# can goats eat whole corn??



## bree00

can goats have whole corn kernals? or does it have to be cracked and ground?


----------



## Thanatos

They can chew it, but I would crack it JIK, but straight corn can cause some issues with their poo. It loosens it up for some reason :shrug: makes it like cow pies not nice goat berries. As a treat its ok tho.


----------



## goathappy

It is best to crack corn as whole corn does not properly digest in the rumen and can make them very sick.


----------



## toth boer goats

> It is best to crack corn as whole corn does not properly digest in the rumen and can make them very sick.


I have to agree with ....Sarah... :wink: :greengrin:


----------



## bree00

well they already ate it! :worried:


----------



## liz

Then you'll be seeing mushy poop later, corn will upset their bellies if they get too much of it.

Mine would rather have the husks from the ears of sweet corn rather than the cobs themself.


----------



## FunnyRiverFarm

If they didn't eat very much of it they should be fine--I let mine eat dried corn right off the cob sometimes...but I usually break the ear in half and give a half ear to each goat. Mine have never gotten diarrhea or a belly ache from that amount.


----------



## Zarafarm

This what happend with whole corn.

No no they will die 

They will not stand again cause of bloating

They will surely dead. Allmost 10 goats of mine totaly dead..

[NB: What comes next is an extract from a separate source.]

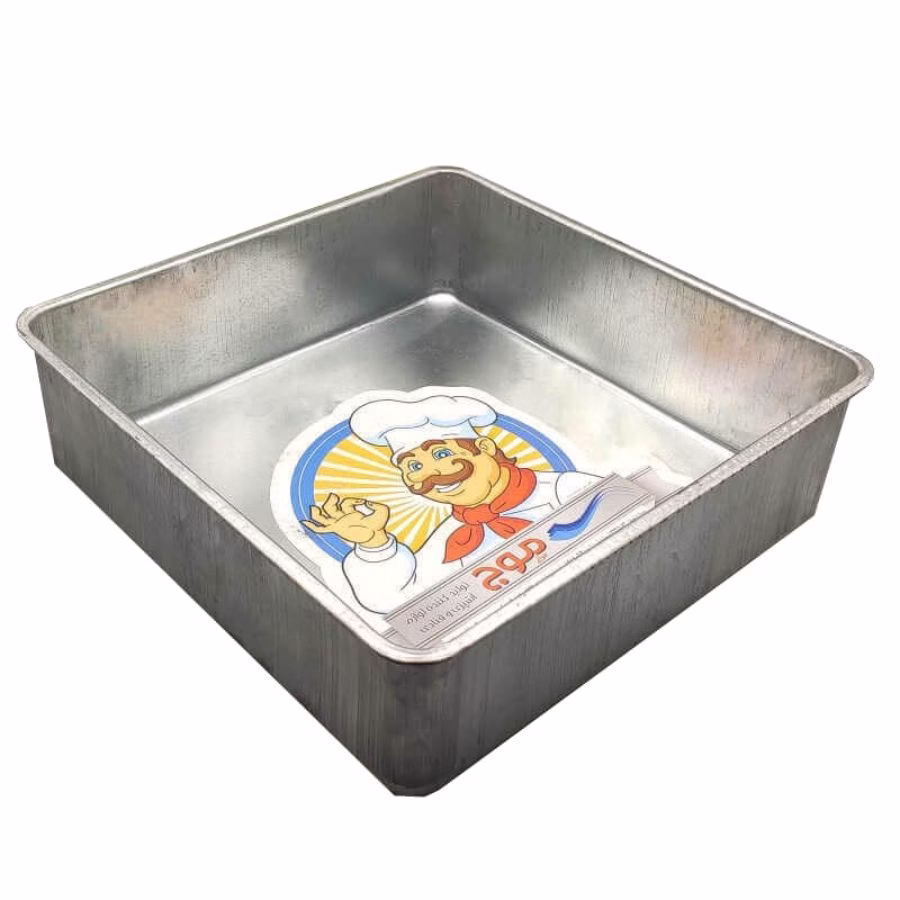 قالب کیک مربع موج سایز 20 فلزی قالب کیک مربع موج سایز 20 فلزی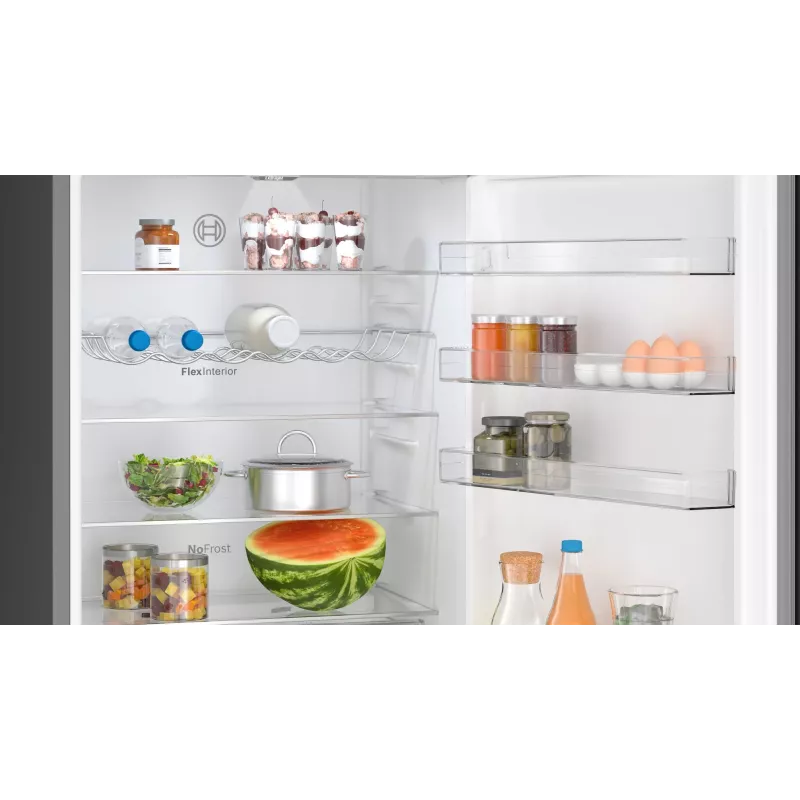 Frigorífico combinado Bosch Serie 4 KGN49VXCT Independente 440 l Aço inoxidável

Its better Corn bran chaff with mixed small amount of water.


----------



## 8566

K - Zarafarm you are confusing ....

You didn't mention if you have meat or dairy goats. I think it makes a difference.

Personally - no corn for my goaties. Upsets their PH too much I think. If I'm feeding to fatten up then I will use a different grain/product. Not to mention I'm on a 'no GMO' kick recently.

HTH,


----------



## Emzi00

Not to mention that this is an old thread..


----------



## Udder Insanity Toggs

My grain mix is a whole grain blend, absolutely no grinding or cracking. I had more issues with cracked blends and pellets than when I switched to a whole blend. Just my expereince though, and I am using the same blend that my mentor has been using for 25 years - I recently purchased her two 4 year olds, a 7 yr old buck, and an 11 and 13 year old does who have been eating this all of their lives. No bloaty goaties here 

Kelly


----------